Given data:

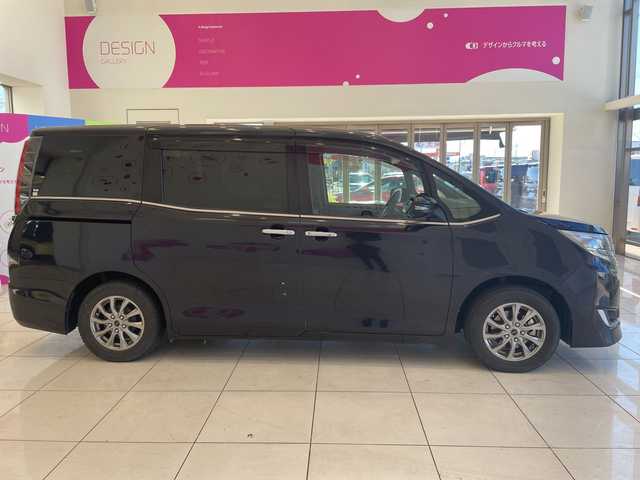 トヨタ エスクァイア Gi 埼玉県 2019(平31)年 6.6万km スパークリングブラックパールクリスタルシャイン セーフティセンス/純正9インチナビ/　　CD/DVD/BT/USB/HDMI/フルセグ/バックカメラ/両側電動スライドドア/クルーズコントロール/コーナーセンサー/ハーフレザーシート/シートヒーター/15インチアルミホイール/ETC2.0/スマートキー/禁煙車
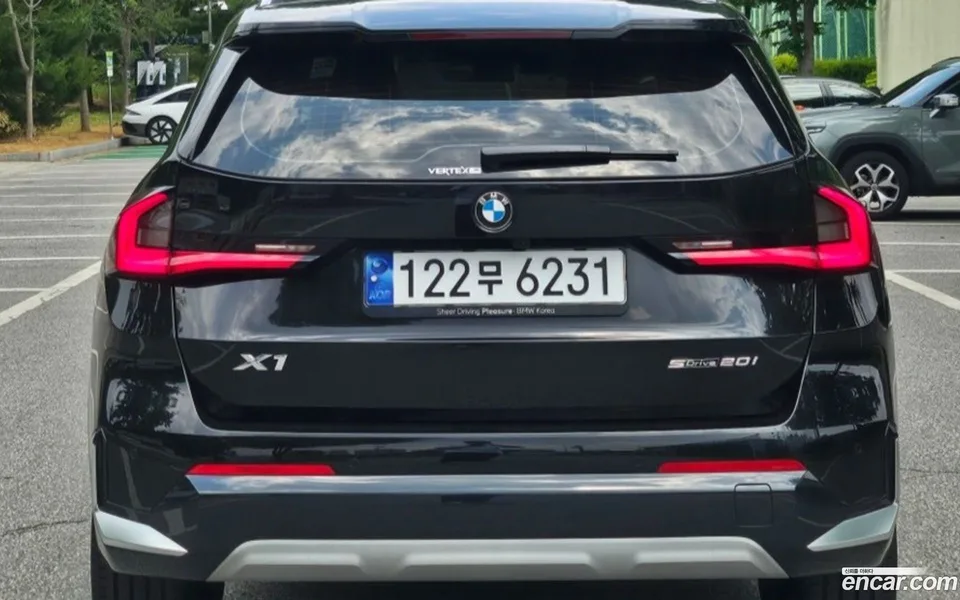 BMW X1 sDrive 20i xLine 2023 — thumbnail 4
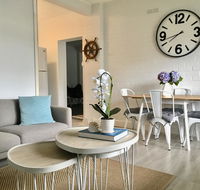 The Wheelhouse - 2BR Waterfront Apt in town - Accommodation Daintree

Exercise prompt: In the copy, include no pictures; everything else in the material should be written out exactly.

Exercise response:
 トヨタ エスクァイア Gi 埼玉県 2019(平31)年 6.6万km スパークリングブラックパールクリスタルシャイン セーフティセンス/純正9インチナビ/　　CD/DVD/BT/USB/HDMI/フルセグ/バックカメラ/両側電動スライドドア/クルーズコントロール/コーナーセンサー/ハーフレザーシート/シートヒーター/15インチアルミホイール/ETC2.0/スマートキー/禁煙車
 BMW X1 sDrive 20i xLine 2023 — thumbnail 4
 The Wheelhouse - 2BR Waterfront Apt in town - Accommodation Daintree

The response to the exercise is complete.